- TASK -
Locate the line that contains "セリーヌ CELINE ボストンバッグ キャンバス Cマカダム 馬車柄 鍵付き" in the entries below, then repeat it and every following line through the line that contains "6 Ft. Outdoor", exactly, and no others.

- EXTRACTED INFORMATION -
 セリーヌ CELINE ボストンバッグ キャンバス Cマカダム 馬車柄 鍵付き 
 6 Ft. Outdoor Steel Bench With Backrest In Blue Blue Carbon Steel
---
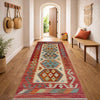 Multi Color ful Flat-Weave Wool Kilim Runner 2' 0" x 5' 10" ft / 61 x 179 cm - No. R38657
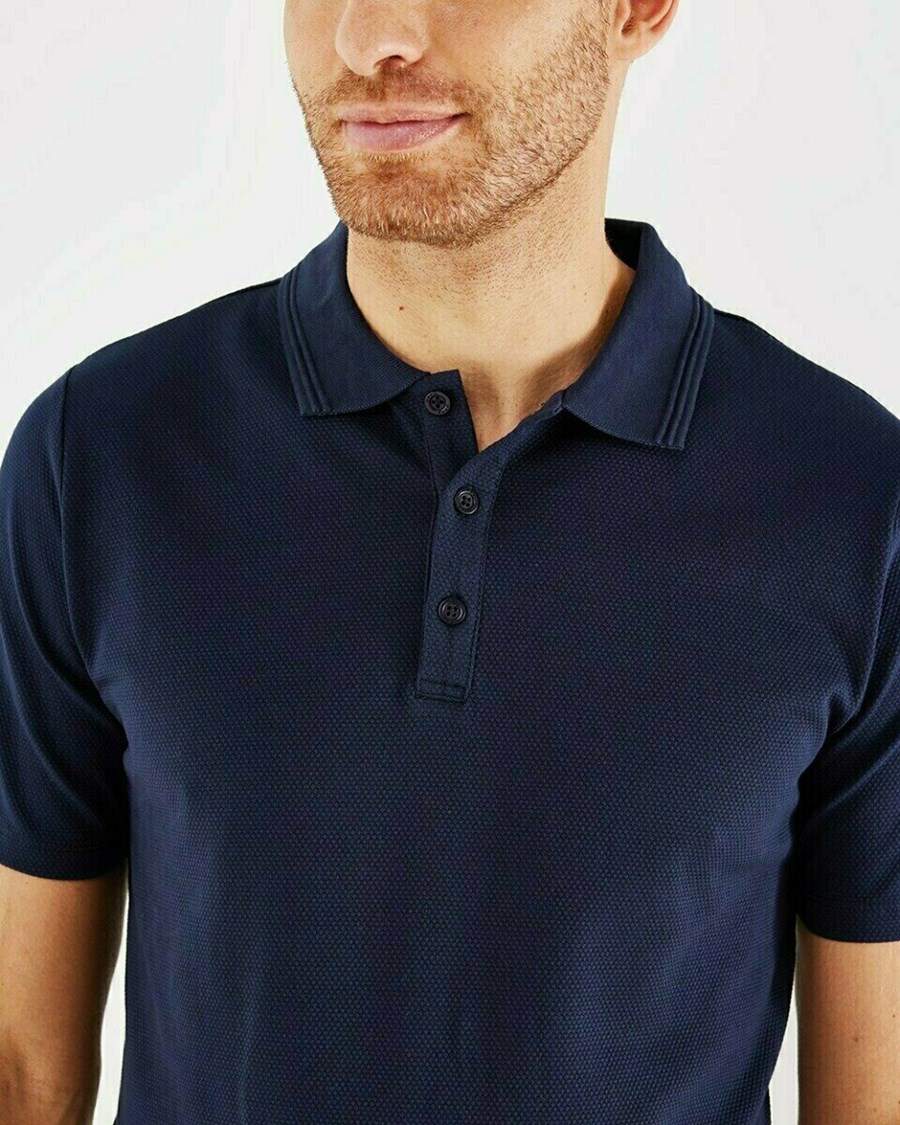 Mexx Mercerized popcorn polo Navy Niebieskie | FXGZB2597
--
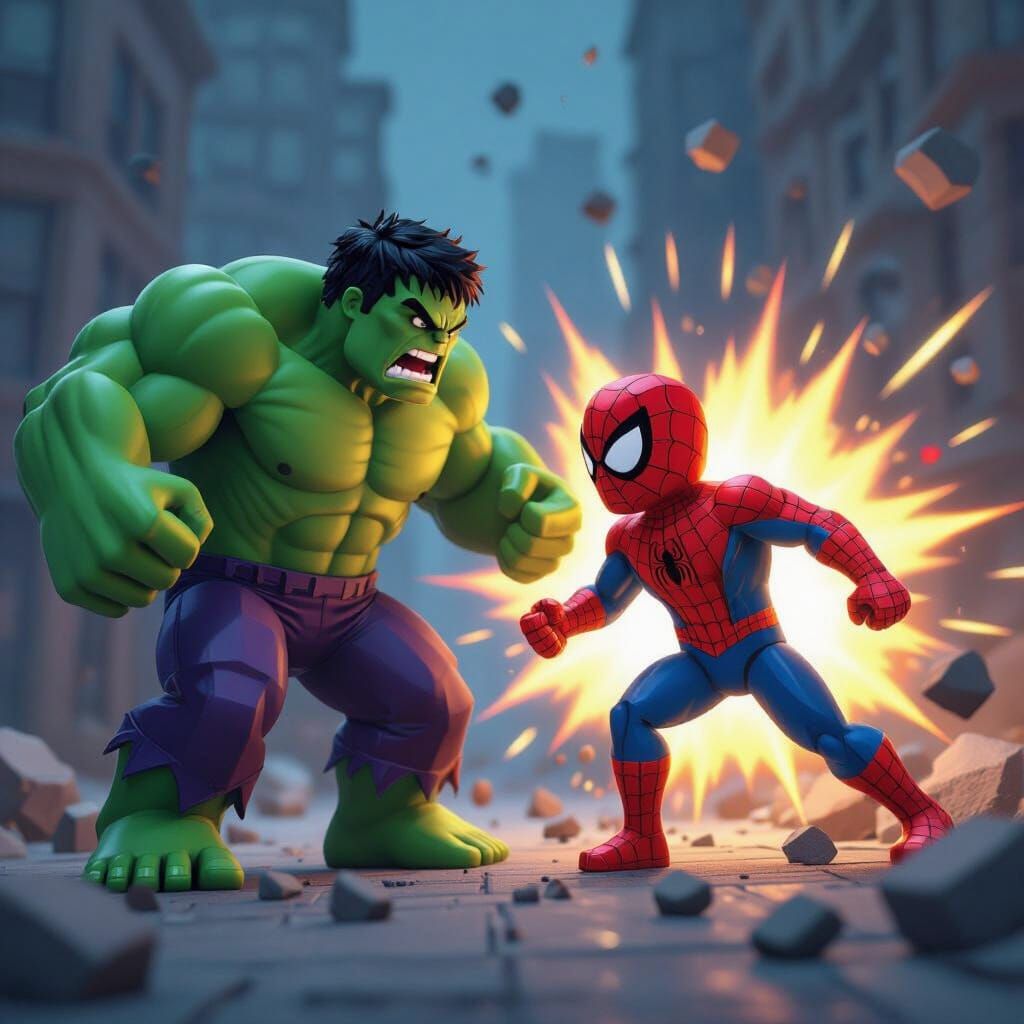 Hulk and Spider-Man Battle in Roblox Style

- PROBLEM SOLUTION -
 セリーヌ CELINE ボストンバッグ キャンバス Cマカダム 馬車柄 鍵付き 
 6 Ft. Outdoor Steel Bench With Backrest In Blue Blue Carbon Steel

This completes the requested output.